Bscher recalls that when Duong was romantically involved with Julian Schnabel, she picked up a paintbrush after a long hiatus. He told her, “These are really good. You shouldn’t stop doing that.”
Wilfredo Lam at MoMA
Galerie Gmurzynska is working with the family of the late Cuban artist Wilfredo Lam on a 2025 solo retrospective at the Museum of Modern Art. “The MoMA was one of the first to purchase a major Lam piece, and The Jungle, probably his most famous painting, is in the MoMA,” Bscher says. She noted that the artist had a phenomenal show at the Asia Society during Art Basel Hong Kong in 2024, significant because Lam’s father had Cantonese roots.
Third Generation Woman-Owned Gallery
Bscher is from the third generation of her family to run Galerie Gmurzynska, which was founded by her grandmother, Antonina Gmurzynska, in Cologne, Germany. Isabelle’s mother, Krystyna Gmurzynska, took over the gallery in 1985 and relocated the flagship to Switzerland in 2005. Mother and daughter now work together. With four locations — two in Zurich, one in Zug, Switzerland, and another in New York City — they represent major modern artists like Picasso, Miró, Kandinsky, Christo, and Louise Nevelson, as well as Karl Lagerfeld’s photography, Sylvester Stallone’s paintings, and architects Zaha Hadid and Richard Meier, who once designed the gallery’s booth at Art Basel Miami.

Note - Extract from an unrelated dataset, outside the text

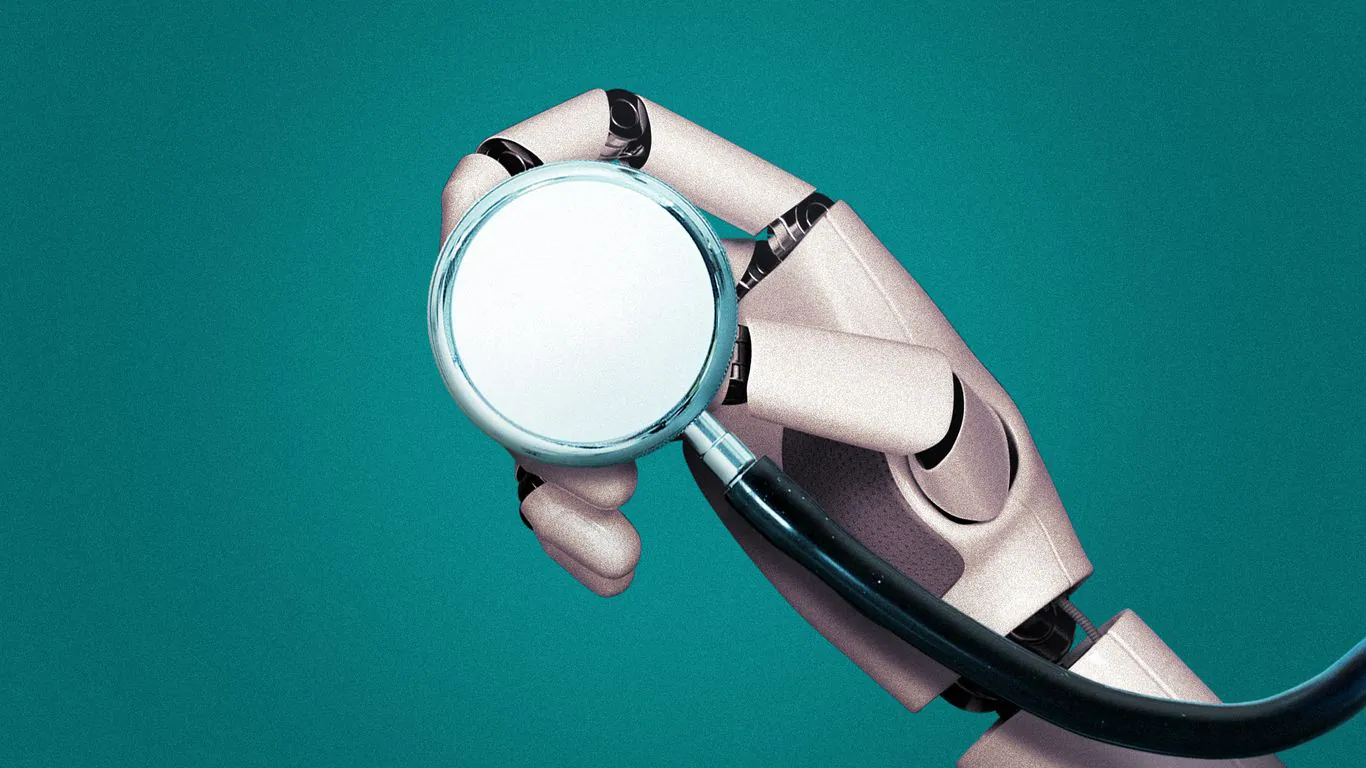 FDA eyes a "doctor-style" evaluation framework for AI-powered medical devices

Bscher grew up in the gallery, which was connected to the family’s house in its early years in Cologne, and she was surrounded by priceless Picassos and glittering art-world personalities. At various art fairs she has collaborated with renowned creatives like Baz Luhrmann and the late Germano Celant, former artistic director of the Prada Foundation, on designing her gallery’s booths.
“We’re very well known for working with creative geniuses who might be from other backgrounds, like Zaha Hadid,” Bscher explains. In fact, the gallery’s Paradeplatz location in Zurich houses the late architect’s very last interior project, a design for a 2016 exhibition celebrating Dada master Kurt Schwitters.